Sammy has conceded that he would like to have commented extensively but has held back from direct comments on the decision to ban Shillingford on the grounds that his bowling action was illegal.
"I'd love to spill my guts out and say what I have to say," Sammy said Wednesday.
"No matter what the situation, there is a procedure in which things are done. I've always been one who's stuck by the rules. I don't want find myself in any compromising situation."
Reports from Hamilton, New Zealand, say there is a strong sense that the West Indies feel harshly treated after Shillingford's suspension whose doosra and traditional offspinner were found to breach the 15-degree limit laid down by the ICC.
Marlon Samuels was allowed to continue his off-break delivery in international cricket, but banned from bowling his quicker balls.
Coach Ottis Gibson has said that Shillingford and Samuels will receive the full support of the West Indies Cricket Board.
"I would have loved to say a lot of things but I've always been a diplomatic guy so won't take part in that. We all have our personal opinions. Some have voiced it and we'll just put all our energy into this Test," said Sammy.

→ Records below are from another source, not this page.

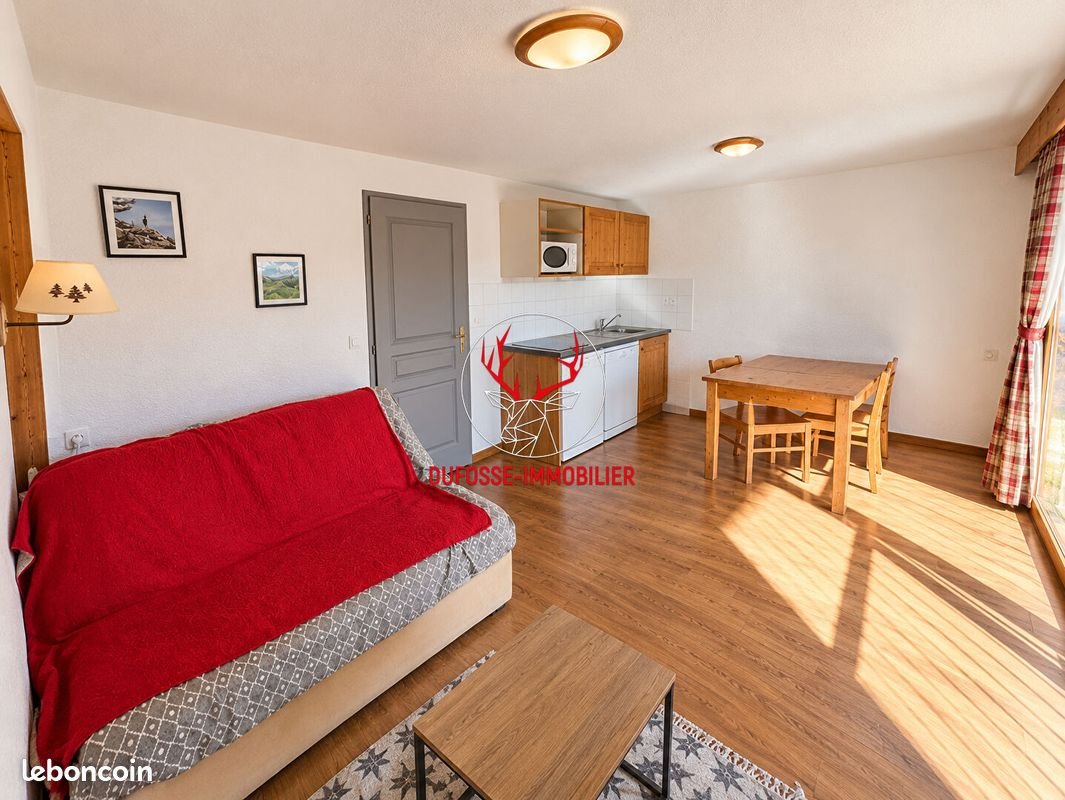 Appartement à vendre, 26m², Agnières-en-Dévoluy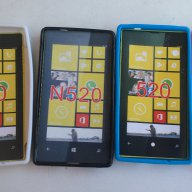 Nokia Lumia 520 - Nokia 520 калъф - case, снимка 1 - Калъфи, кейсове - 11213401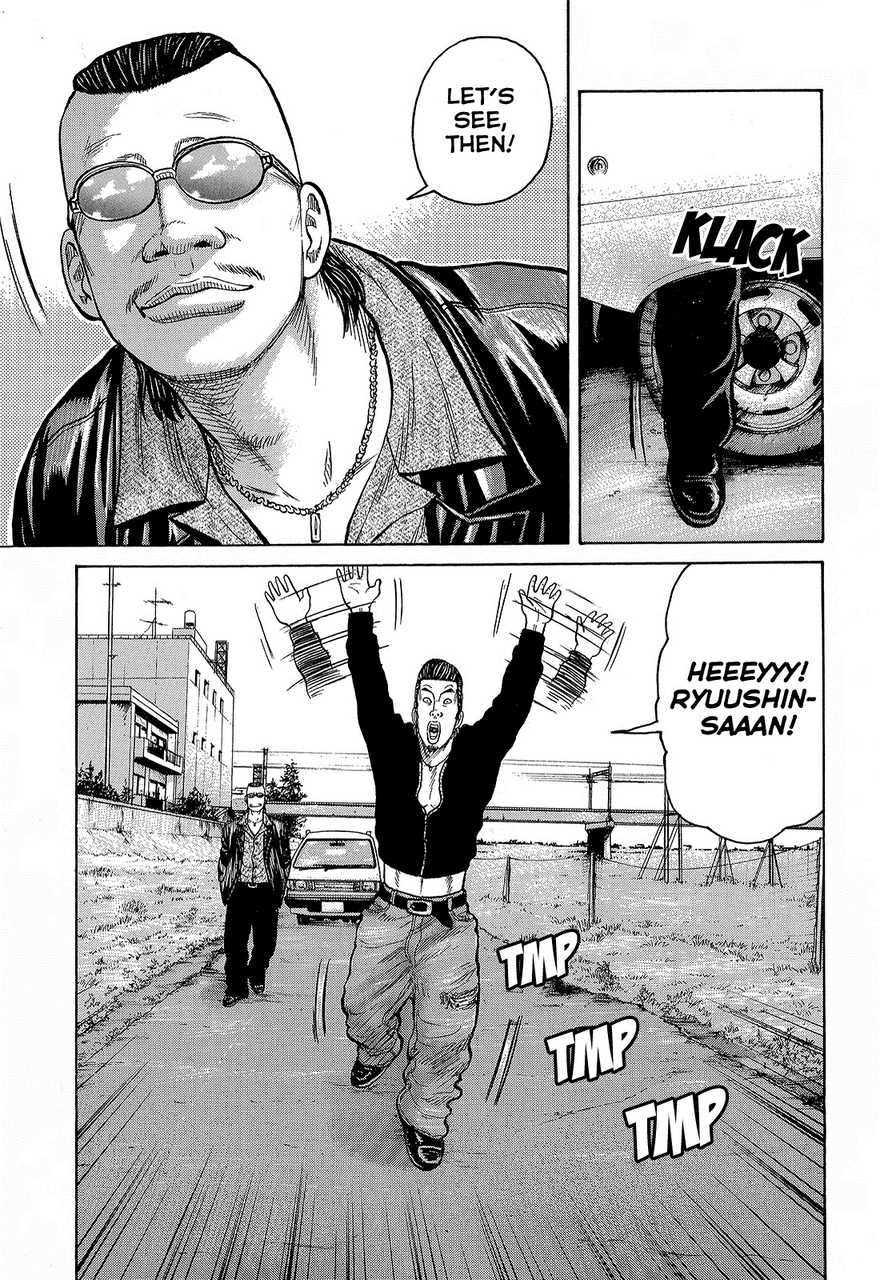 Read Crows Manga Online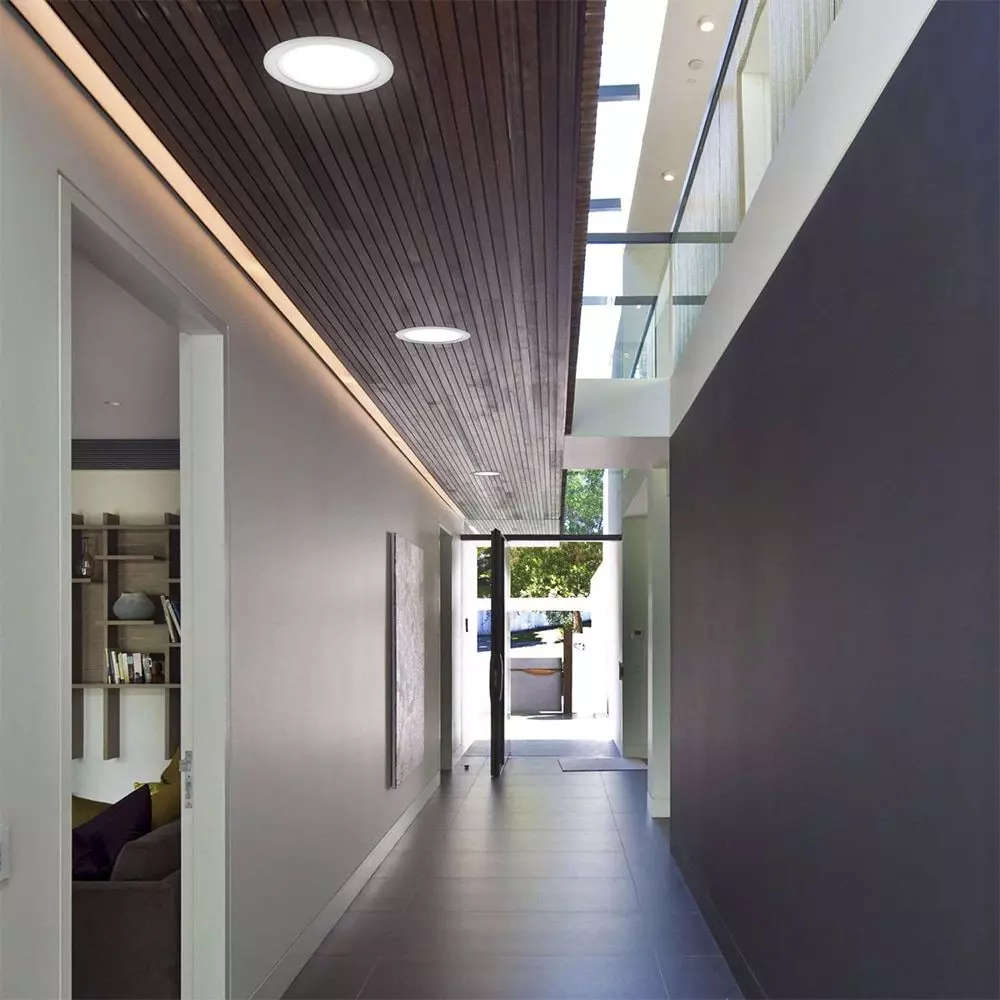 Aerbes AB-Z897 Round LED Panel Ceiling Light 3W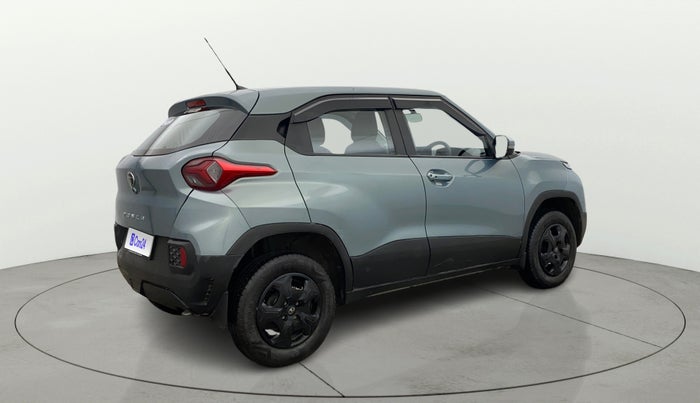 2024 Tata PUNCH ACCOMPLISHED AMT, Petrol, Automatic, 11,104 km, Right Back Diagonal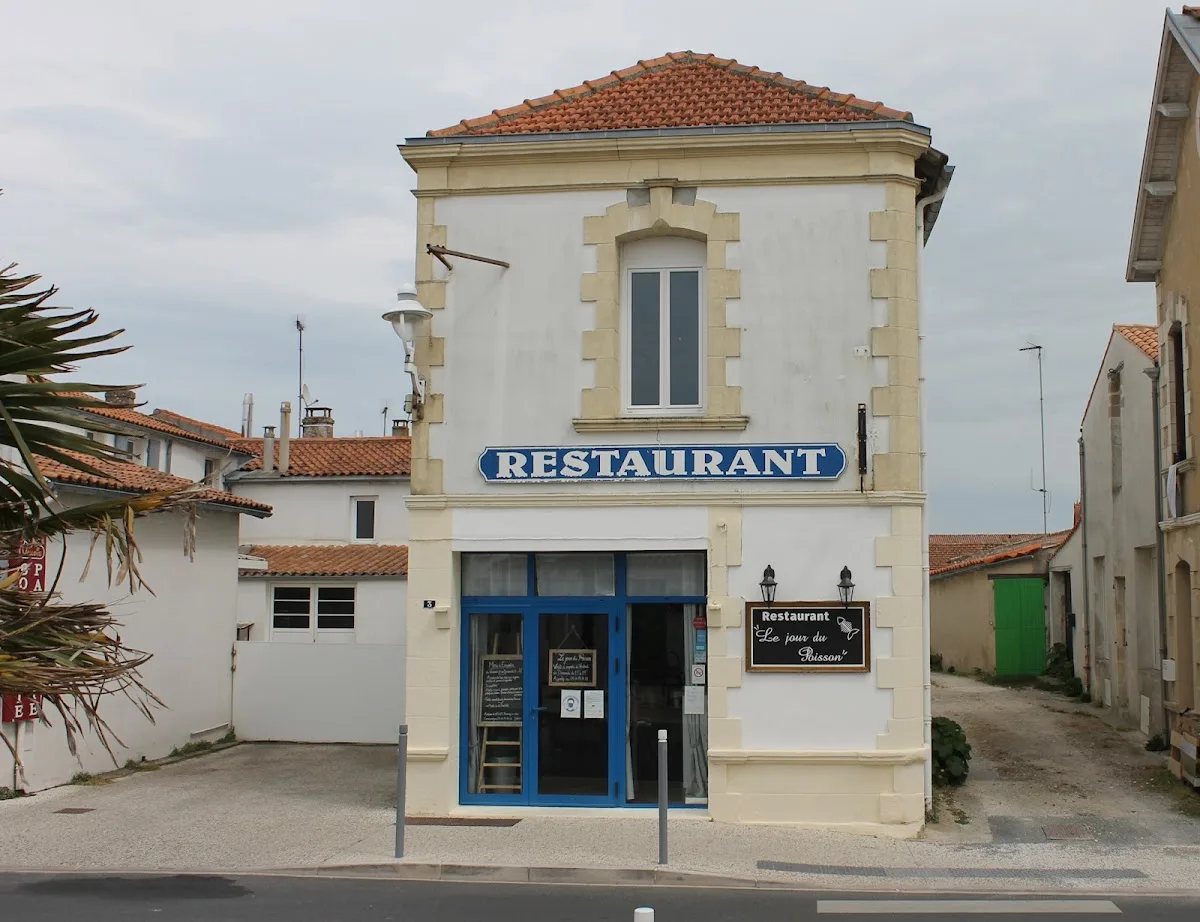 Le Jour du Poisson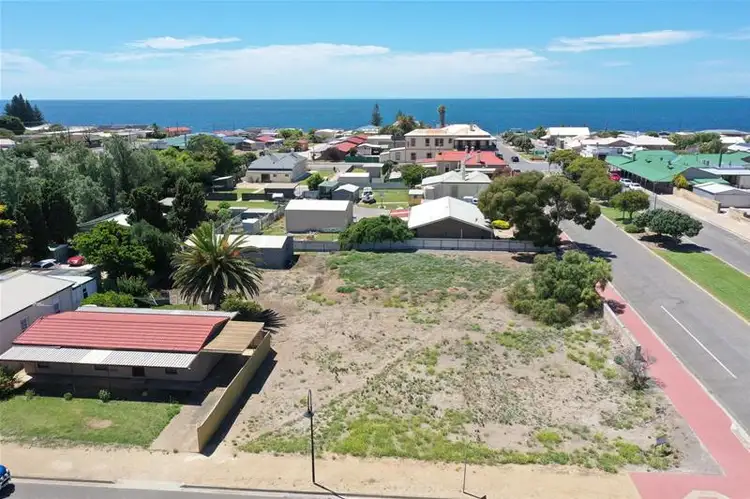 LOT 24 & 26 Edith Street, Edithburgh SA 5583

"The board and coach and director of cricket at home are going to handle it and I'm backing them to handle it in the best possible way for us as a team and especially for Shilly and Marlon."
It is the second time the Dominican bowler has been suspended from international cricket after a similar suspension in 2010.
The WICB is studying the full report before deciding on their next course of action but Gibson has said that work to rehabilitate Shillingford's bowling will begin in the New Year.